- _LISTED ENTRIES_:
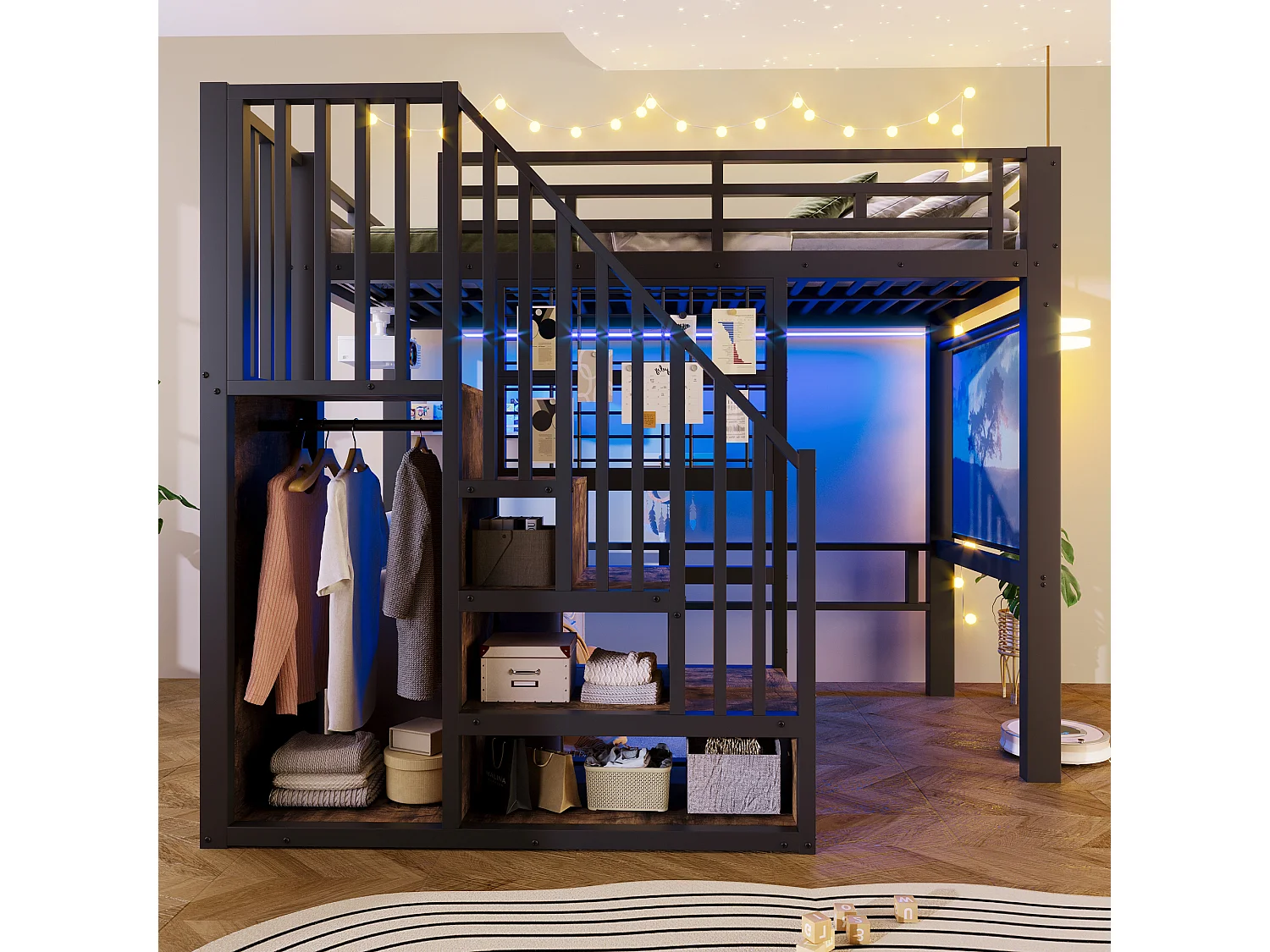 Hochbett 90 x 200 cm - Struktur aus Schmiedeeisen - Integrierte Stauraumleiter - Sicherheitsgeländer - LED-Beleuchtung - schwarz (Matratze nicht enthalten)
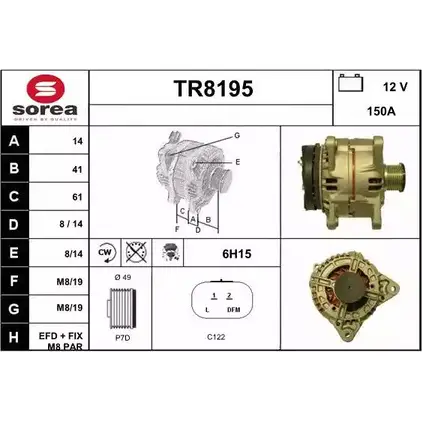 Генератор SNRA TR8195 1228732967 YFX6R TR8 195 изображение 0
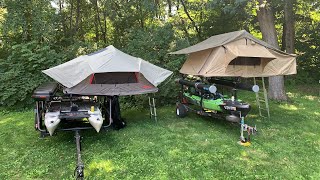 Roof Top Tent amp Kayak Trailer Review Yakima Skyrise HD VS Smittybuilt Overlander XL [upl. by Monaco]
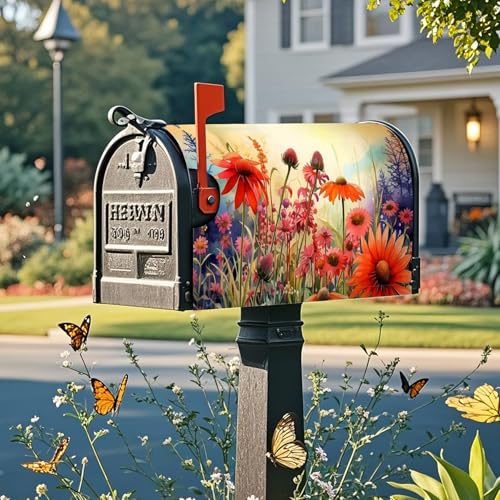 Image of Mailbox Covers Magnetic Standard Size, Printed Floral Magnetic Cover for Postbox, 18 x 21 Inch Waterproof Post Wraps Outdoor Garden Yard Home Decor (Flower)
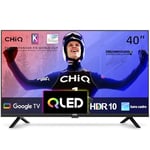 CHIQ L40QH7G Téléviseur QLED 40 Pouces, HDR 10, Design sans Cadre, Google TV, Google Assistant, Chromecast intégré HDR10&HLG, CPU Quad-Core A55, 2.4/5Ghz Dual-Band Wi-FI, DBX-TV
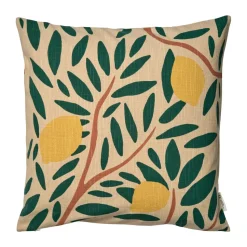 Funda de cojín Sunny citrus 50x50 cm, Verde oscuro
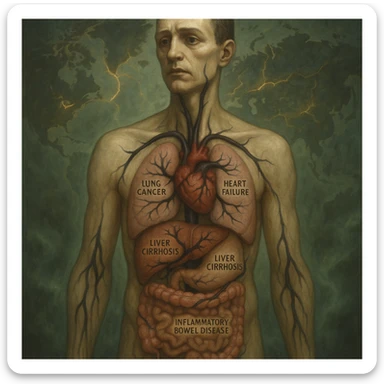 semi-realistic, allegorical style human figure with visible organs, black parasites branch to organs, each organ labeled with a disease name in small text, world map, glowing fissures, green mist sticker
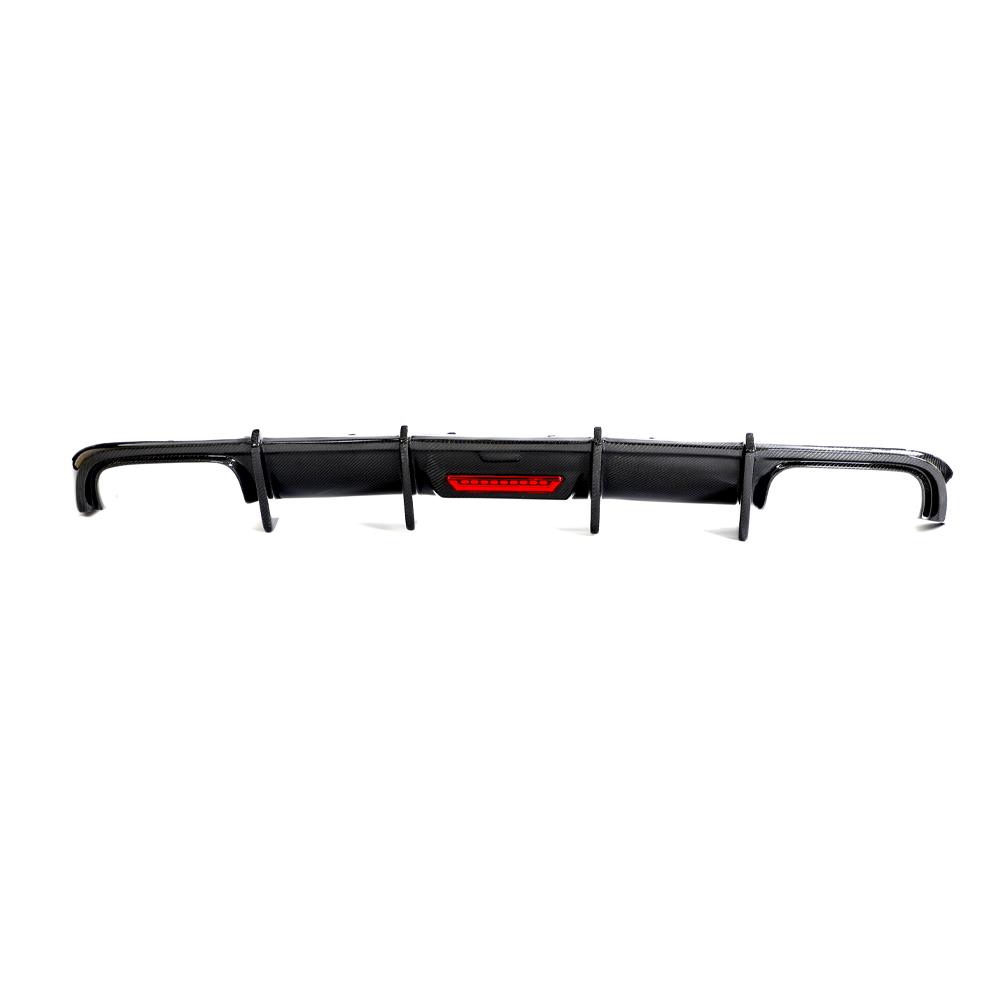 Audi A4 B9 Sedan Carbon Fiber Gloss Black Rear Bumper Diffuser 2018 - 2019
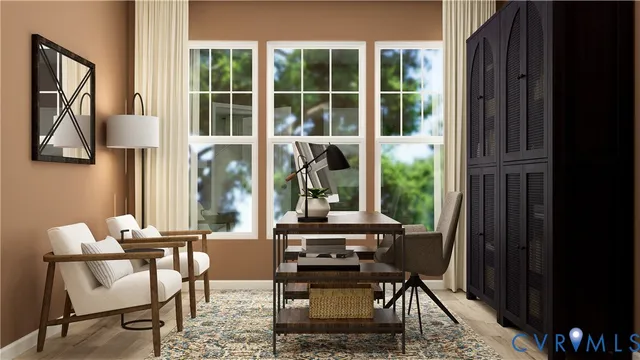 a view of a dining room with furniture window and outside view
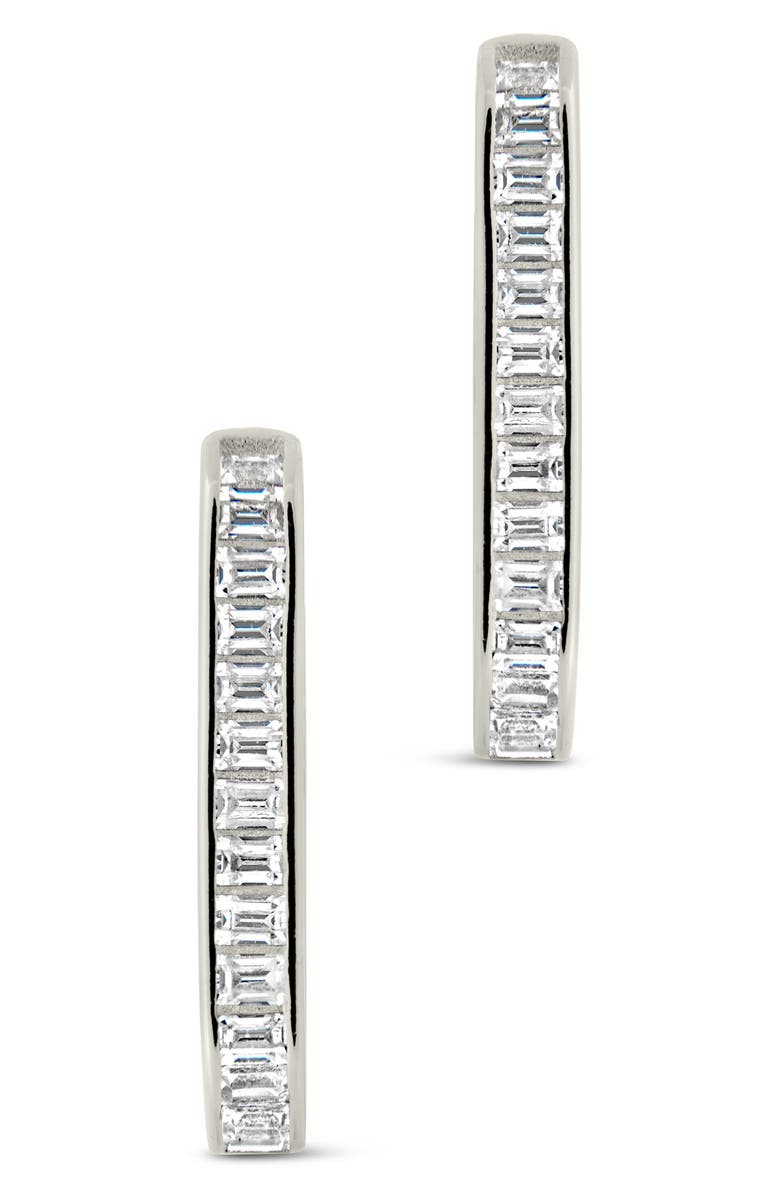 Sterling Forever Piper CZ Rectangular Hoop Earrings, Alternate, color, Silver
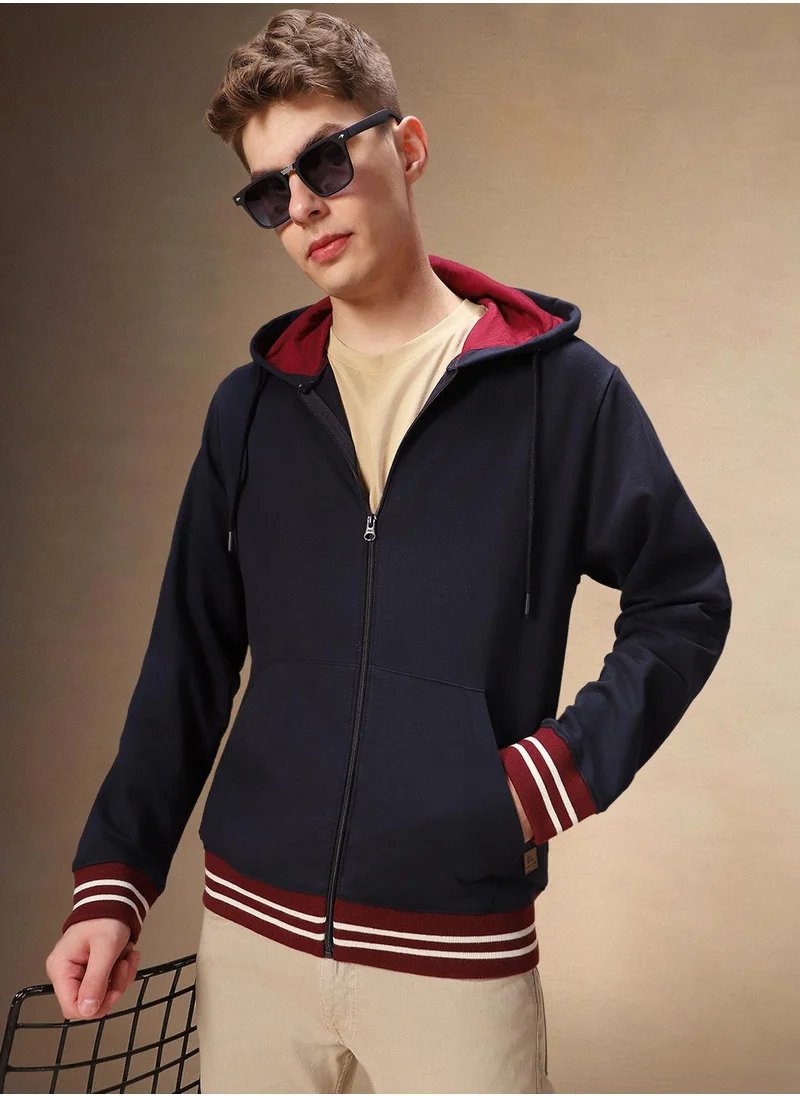دينيس لينغو Men's Navy Polyester Blend Solid Regular Fit Sweatshirt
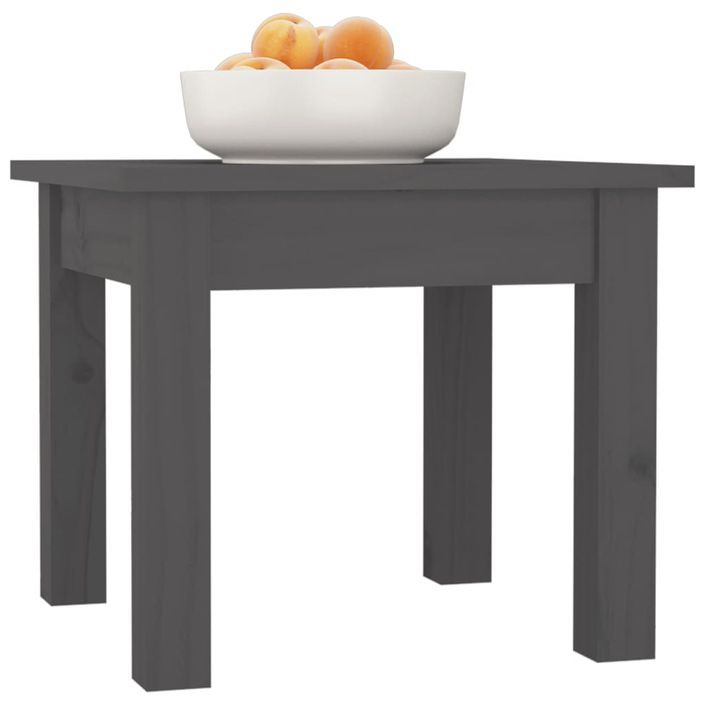 Table basse Gris 35x35x30 cm Bois massif de pin - Photo n°4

- _WHAT TO WORK ON_: Give back, exactly and with nothing added, the lines from the line with "Funda de cojín" through the final line of the data, both included; leave pictures out.

- _FINISHED EXERCISE_:
 Funda de cojín Sunny citrus 50x50 cm, Verde oscuro
 semi-realistic, allegorical style human figure with visible organs, black parasites branch to organs, each organ labeled with a disease name in small text, world map, glowing fissures, green mist sticker
 Audi A4 B9 Sedan Carbon Fiber Gloss Black Rear Bumper Diffuser 2018 - 2019
 a view of a dining room with furniture window and outside view
 Sterling Forever Piper CZ Rectangular Hoop Earrings, Alternate, color, Silver
دينيس لينغو Men's Navy Polyester Blend Solid Regular Fit Sweatshirt
 Table basse Gris 35x35x30 cm Bois massif de pin - Photo n°4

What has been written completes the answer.